Ten Time-saving R Hacks
I use these regularly to try to minimize distractions and keep up my production pace
--
The more coding I do, the more sensitive I become to inefficiency. For me, Nirvana is where you can code super quickly without having to do stuff outside your favorite code editor.
So I get pretty frustrated when I can’t do what I want using lean, efficient code, or when I have to go into my filesystem or another program to configure something, or anything else that I view as taking up unnecessary time and effort.

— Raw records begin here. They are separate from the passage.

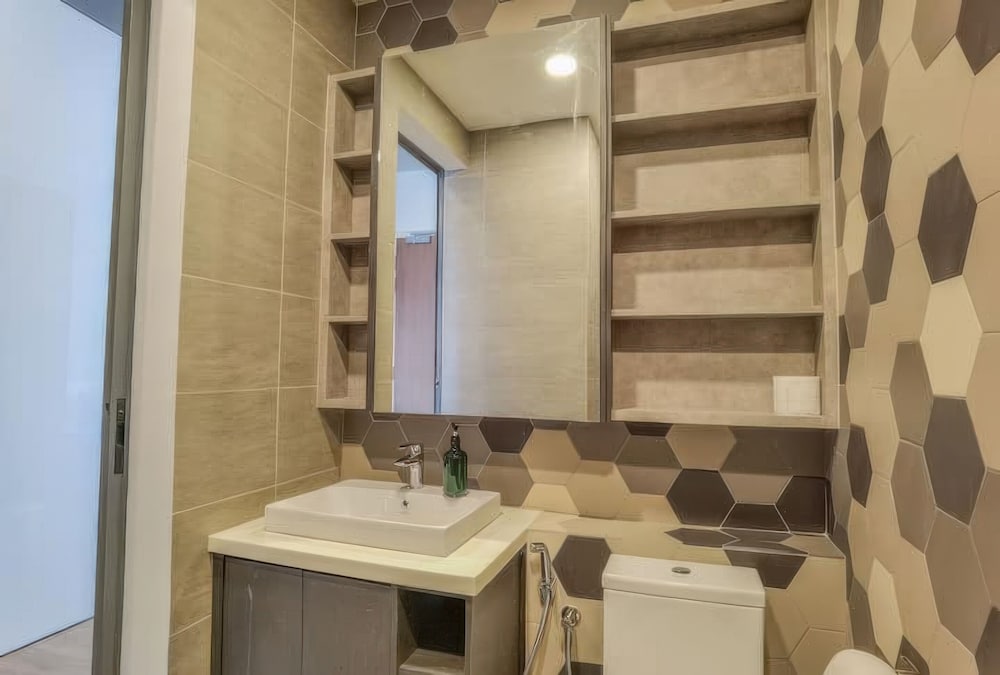 Jalan Ceylonz Suites KL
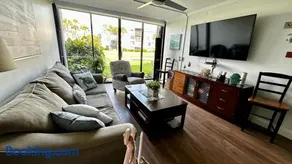 Excellent beach front community, golf course, tennis, sunny weather year round! - Image 2
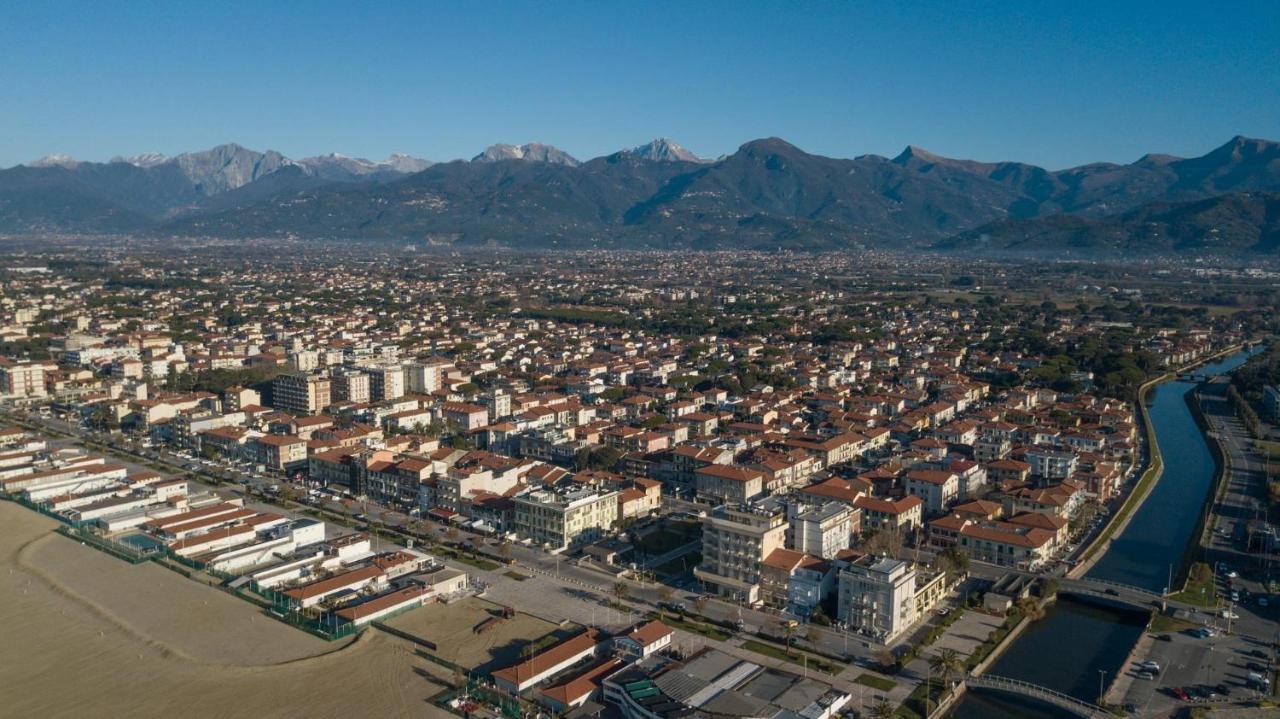 "Libeccio Apartment" Con Garage Privato Camaiore Bagian luar foto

Here are ten hacks I use regularly to try to minimize distractions and keep up my production pace. When I tell some people about these, I often get a few reactions like ‘Why didn’t I know about this?’. So I hope at least some of these will be new and useful to you.
1. Downloading and reading files straight from source
This tip should help you minimize time administering local data files and make your entire project more replicable by others. If you have a data file which is sitting on the web somewhere, like in Google Drive or some other URL, the readr
package allows you to read it direct from the URL into a dataframe, using functions like read_csv()
or read_rds()
. For example:
my_df <- readr::read_csv("https://www.website.com/data.csv")
If the data is in a Github repo, you can get the download the raw file by adding ?raw=true
to the URL, so here's how you would get some data on speed dating from one of my Github repos:
speed_dating_data <- readr::read_rds("https://github.com/keithmcnulty/speed_dating/blob/master/speed_data_data.RDS?raw=true")
If you have a weird file type that readr
can't process, you can simply use base R's download.file()
function to get it into your session where you can then read it using whatever the right package is. You don't need the url function for this, so to use this to download my speed-dating data:
download.file("https://github.com/keithmcnulty/speed_dating/blob/master/speed_data_data.RDS?raw=true", destfile = "speed_dating_data.RDS")
speed_dating_data <- readRDS("speed_dating_data.RDS")